Mein Blick schoss zu Derek hinüber, der in der Schlange immer noch fünf Leute vor sich hatte.
»Ich gehe, wenn dein junger Mann zurückkommt«, sagte sie. »Ein fürchterlicher Betrieb hier drin, nicht wahr?«
Ich nickte und zeigte auf den Stuhl, damit sie sich setzte.
»Ich habe eine Urenkelin in deinem Alter«, sagte sie. »Etwa vierzehn, nehme ich an?«
»Hm«, ich nickte und versuchte, dabei nicht allzu nervös zu wirken. Ich sollte keine Fragen beantworten, nicht einmal unzutreffende, aber ich wusste nicht, was ich sonst tun sollte. Ich sah zu Derek hinüber in der Hoffnung, er würde mich retten, aber er studierte gerade das Schild mit dem Angebot.
»Neunte Klasse?«
»Ja.«
»Und was ist dein Lieblingsfach, Liebes?«
»Drama.«
Sie lachte. »Das höre ich jetzt zum ersten Mal. Hat das mit Schauspielerei zu tun?«
Ich erklärte es ihr, und während wir uns unterhielten, entspannte ich mich. Nachdem wir Alter und Klassenstufe etabliert hatten, stellte sie keine persönlichen Fragen mehr – nicht einmal die nach meinem Namen. Sie war einfach eine alte Dame, die sich etwas unterhalten wollte. Auch für mich keine schlechte Abwechslung.

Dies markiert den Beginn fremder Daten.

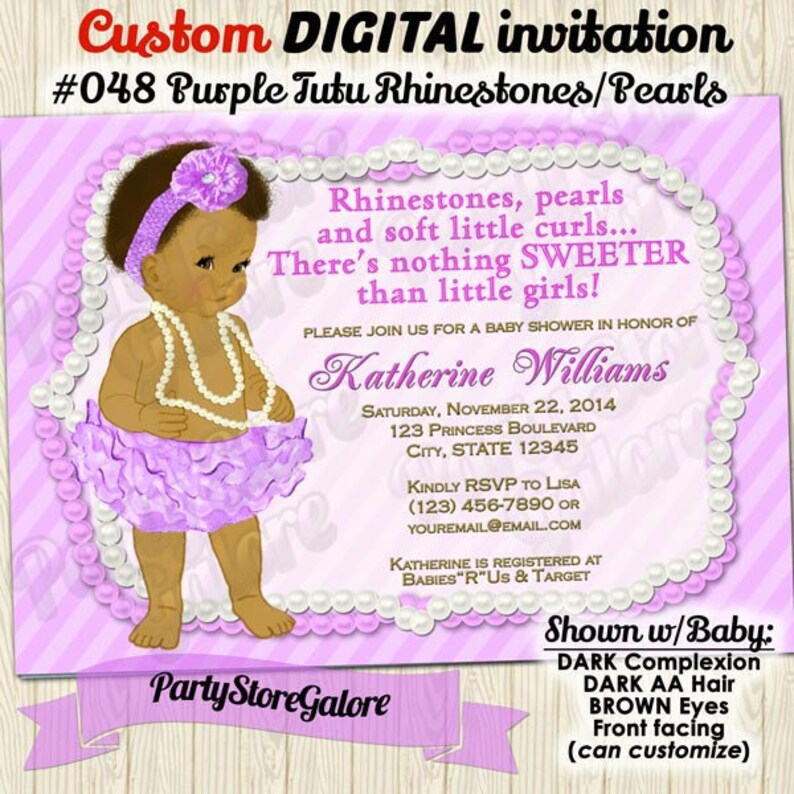 Girl Baby Shower Invitation Vintage Baby Shower Rhinestones Etsy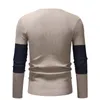 Casual herrtröja o-hals kontrastfärg Slim Fit Knittwear 2022 Spring Mens tröjor Pullover Pullover Men Pull Homme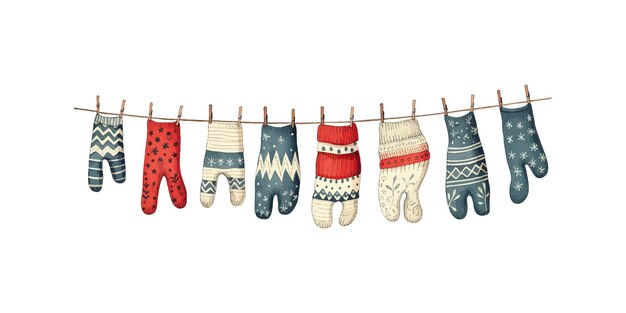 Doodle cartoon Set of Christmas socks in color Vector illustration design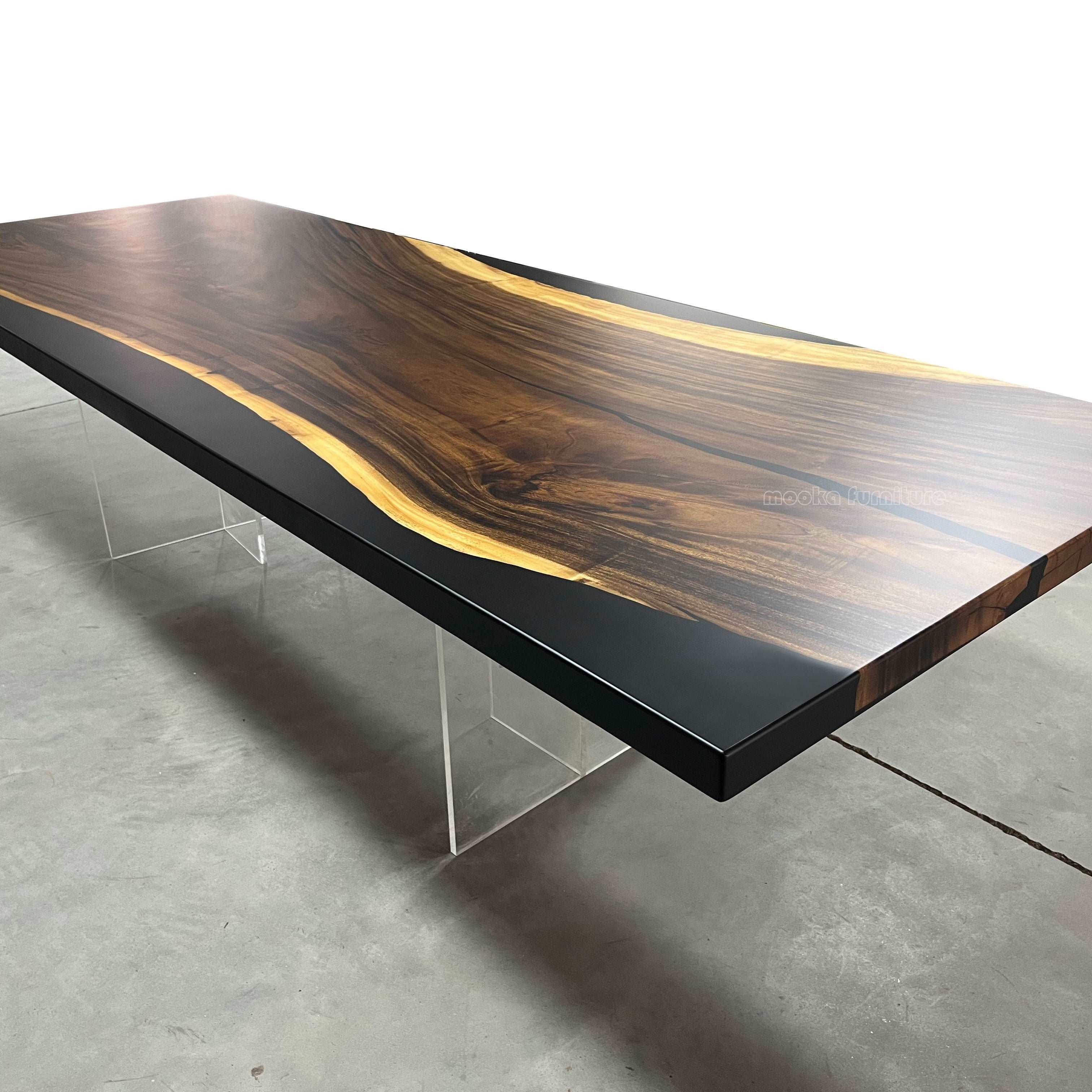 One-piece natural wood live edge big size dining table for 10-12 people - MOOKA FURNITURE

Wir schwatzten, bis vor Derek nur noch ein Mann in der Schlange stand. Dann hörte ich, wie jemand an dem Tisch hinter mir laut herauslachte. Ich drehte mich um und sah zwei Paare dort sitzen, ein, zwei Jahre älter als ich. Die Mädchen sahen angewidert aus, während einer der Jungen vor unterdrücktem Gelächter schon ein ganz rotes Gesicht hatte. Der andere versuchte erst gar nicht, sich zurückzuhalten – er krümmte sich vor Lachen.
Und alle vier sahen mich an.
Das gesamte Restaurant sah mich an.
Es war wie in einem von diesen Alpträumen, in denen man durch die Schulkorridore geht und die anderen lachen, und man weiß nicht warum, bis man plötzlich bemerkt, dass man keine Hose anhat. Ich wusste, dass ich eine Hose trug. Das Einzige, was mir einfiel, war mein schwarzes Haar. Es konnte ja wohl nicht
so
schlimm sein, oder?
»Oje«, flüsterte die alte Frau.
»W-was ist los? Was hab ich falsch gemacht?«
Sie beugte sich vor, und ich sah Tränen glitzern in ihren Augen. Tränen? Warum sollte sie …?

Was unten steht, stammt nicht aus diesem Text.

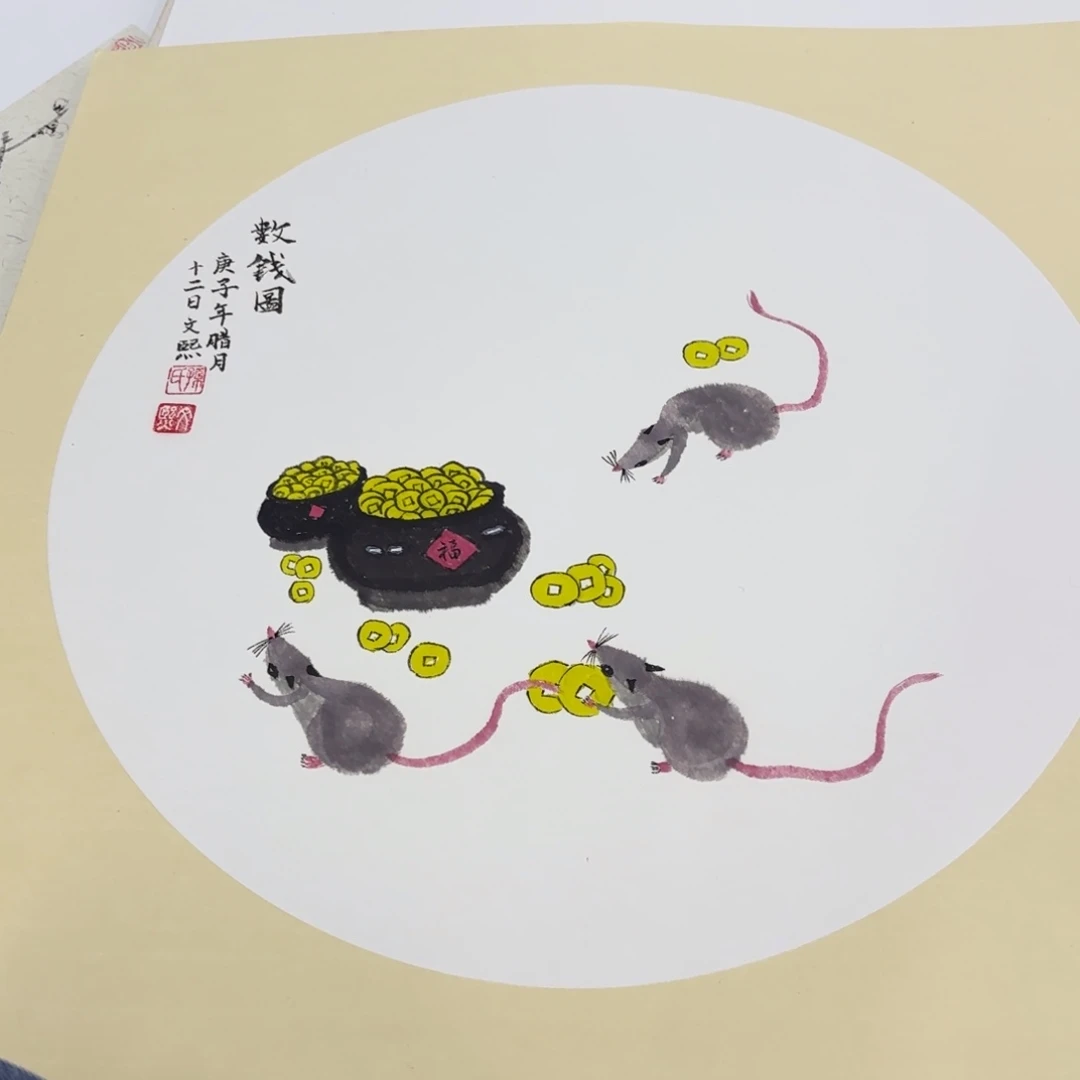 国画花鸟卡纸作品童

»Es tut mir leid«, sagte sie. »Ich habe nur …« Ein trauriges kleines Lächeln. »Ich habe nur mit dir reden wollen. Du siehst aus wie ein nettes Mädchen.«
Im Augenwinkel sah ich Derek, der die Schlange verlassen hatte, mit langen Schritten auf mich zukam und die kichernden Jugendlichen anstarrte. Die Frau stand auf und lehnte sich über den Tisch zu mir.
»Es war nett, mit dir zu schwatzen, Liebes.« Sie legte die Hand auf meine … und die Hand glitt durch mich hindurch.
Ich sprang auf.
»Es tut mir so leid«, sagte sie noch einmal.

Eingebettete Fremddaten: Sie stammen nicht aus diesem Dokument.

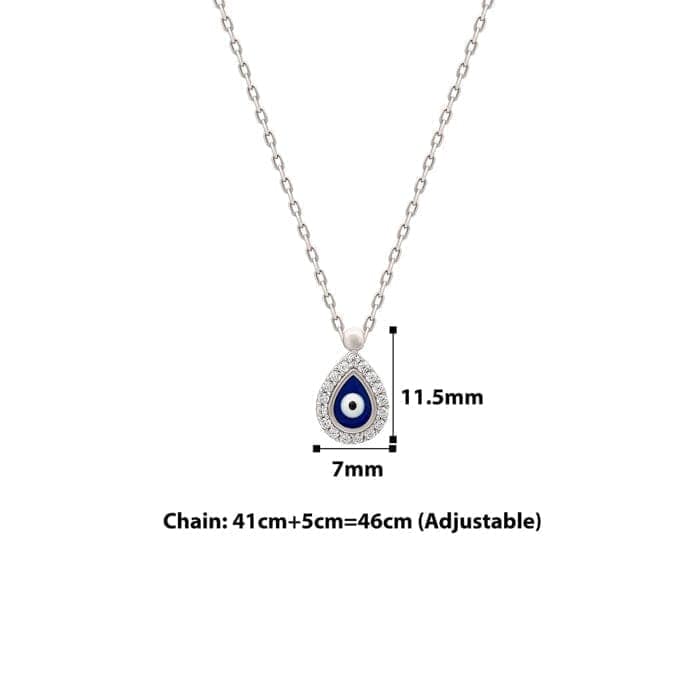 Silver Dark Evil Eye Drop Necklace view 4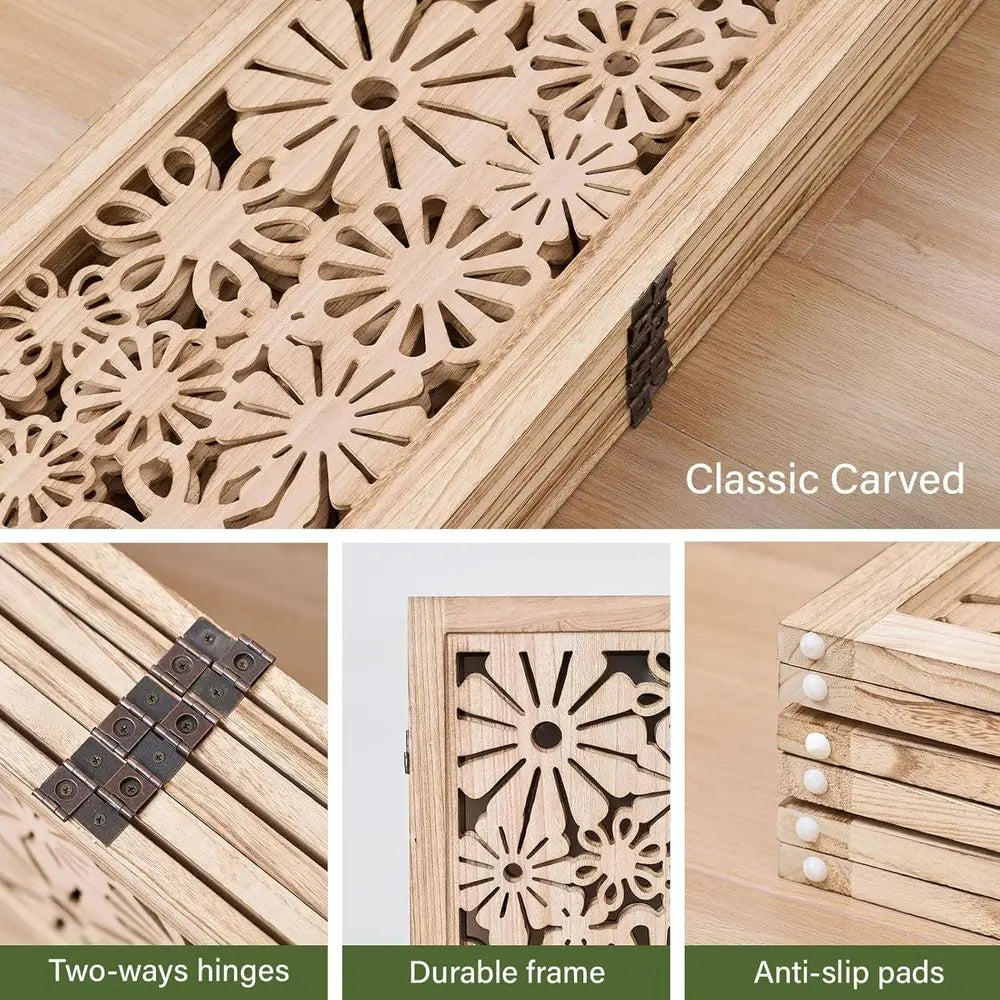 Folding Wood Room Divider Panel, 67 Inch Tall Daisy-Carved Privacy Screen - No-Assembly Required, Decorative Flower Carved Room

Ihr Gesichtsausdruck war so traurig, dass ich sagen wollte, es sei in Ordnung, es sei meine Schuld gewesen. Aber bevor ich ein Wort herausbrachte, verblich sie, und dann hörte ich nur noch das Gelächter um mich herum und gemurmelte Worte wie »Irre« und »Schizo«. Wie festgewachsen stand ich da, bis Derek nach meinem Arm griff, so behutsam, dass ich es kaum spürte.
»Komm schon«, sagte er.
»Yeah«, rief der lachende Typ zu uns herüber. »Ich glaube, das war jetzt genug Freigang für deine Freundin.«
Derek hob langsam den Kopf, seine Oberlippe verzog sich zu dem inzwischen allzu vertrauten Ausdruck. Ich griff nach seinem Arm. Er blinzelte kurz und nickte dann. Als wir uns umdrehten, um zu gehen, meldete sich der zweite Junge an dem Tisch zu Wort: »Mädels in der Klapse auflesen?« Er schüttelte den Kopf. »Du musst
echt
verzweifelt sein.«
Als wir draußen am Fenster vorbeigingen, hätte ich schwören können, dass sich jeder einzelne Besucher im Lokal nach uns umdrehte. Ein paar Gesichtsausdrücke nahm ich wahr – Mitgefühl, Mitleid, Widerwillen, Abscheu. Derek schob sich zwischen mich und die Scheibe und versperrte mir im Weitergehen den Blick ins Innere.
»Das hätten die nicht machen sollen«, sagte er. »Die Jugendlichen, okay. Sind halt Idioten. Aber die Erwachsenen sollten’s eigentlich besser wissen. Was, wenn du nun wirklich geisteskrank wärst?«
Er führte mich um das Gebäude herum bis zum Parkplatz und blieb dort im Schatten des überstehenden Dachs stehen.
»Du siehst keinen von denen je wieder«, sagte er. »Und wenn das die Art ist, wie die einen Geisteskranken behandeln würden, dann solltest du dir aus ihrer Meinung nichts machen.